### WORK INSTRUCTIONS
Word for word, repeat the entries, minus the pictures.

*** Opening of RECORDS SHOWN ***

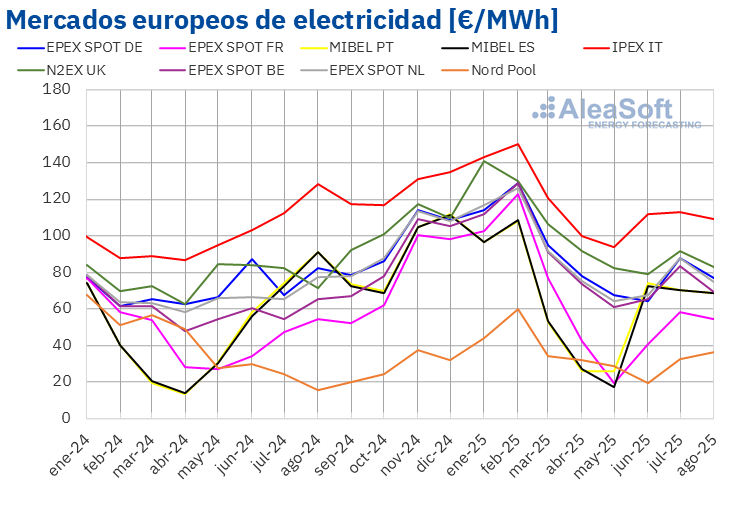 Fuente: Elaborado por AleaSoft Energy Forecasting con datos de OMIE, EPEX SPOT, Nord Pool y GME. /></p><h3>Menor consumo</h3>
<p>La <strong>producción solar fotovoltaica</strong> aumentó en los principales mercados eléctricos europeos en comparación con el mismo mes del año anterior, aunque bajó con respecto a julio en la mayoría de los mercados. Alemania y Portugal alcanzaron el segundo mayor nivel histórico de generación mensual con energía fotovoltaica.</p>
<p>La <strong>producción eólica</strong> aumentó en gran parte de los principales mercados eléctricos europeos respecto a agosto de 2024, pero bajó en comparación con julio de 2025.</p>
<p>La <strong>demanda eléctrica</strong> disminuyó en la mayoría de los principales mercados eléctricos europeos tanto de forma interanual como con respecto al mes anterior.</p>
<p>Los futuros de <strong>gas TTF</strong> en el mercado ICE para el Front‑Month alcanzaron el promedio mensual más bajo desde agosto de 2024.</p>
<p>En agosto de 2025, el promedio de los precios de cierre de los futuros de <strong>derechos de emisión de CO2</strong> en el <strong>mercado EEX</strong> para el contrato de referencia de diciembre de 2025 aumentó respecto a julio, aunque se mantuvo por debajo del registrado en agosto de 2024.</p>
<p>El promedio mensual de los futuros de <strong>petróleo Brent</strong> para el Front‑Month en el <strong>mercado ICE</strong> bajó en comparación con julio y con el mismo mes del año anterior.</p>
<p>Para conocer en detalle la evolución de los mercados de energía europeos durante agosto de 2025, está disponible el informe completo en <a href=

*** Close of RECORDS SHOWN ***

### FINISHED EXERCISE
 Fuente: Elaborado por AleaSoft Energy Forecasting con datos de OMIE, EPEX SPOT, Nord Pool y GME. /></p><h3>Menor consumo</h3>
<p>La <strong>producción solar fotovoltaica</strong> aumentó en los principales mercados eléctricos europeos en comparación con el mismo mes del año anterior, aunque bajó con respecto a julio en la mayoría de los mercados. Alemania y Portugal alcanzaron el segundo mayor nivel histórico de generación mensual con energía fotovoltaica.</p>
<p>La <strong>producción eólica</strong> aumentó en gran parte de los principales mercados eléctricos europeos respecto a agosto de 2024, pero bajó en comparación con julio de 2025.</p>
<p>La <strong>demanda eléctrica</strong> disminuyó en la mayoría de los principales mercados eléctricos europeos tanto de forma interanual como con respecto al mes anterior.</p>
<p>Los futuros de <strong>gas TTF</strong> en el mercado ICE para el Front‑Month alcanzaron el promedio mensual más bajo desde agosto de 2024.</p>
<p>En agosto de 2025, el promedio de los precios de cierre de los futuros de <strong>derechos de emisión de CO2</strong> en el <strong>mercado EEX</strong> para el contrato de referencia de diciembre de 2025 aumentó respecto a julio, aunque se mantuvo por debajo del registrado en agosto de 2024.</p>
<p>El promedio mensual de los futuros de <strong>petróleo Brent</strong> para el Front‑Month en el <strong>mercado ICE</strong> bajó en comparación con julio y con el mismo mes del año anterior.</p>
<p>Para conocer en detalle la evolución de los mercados de energía europeos durante agosto de 2025, está disponible el informe completo en <a href=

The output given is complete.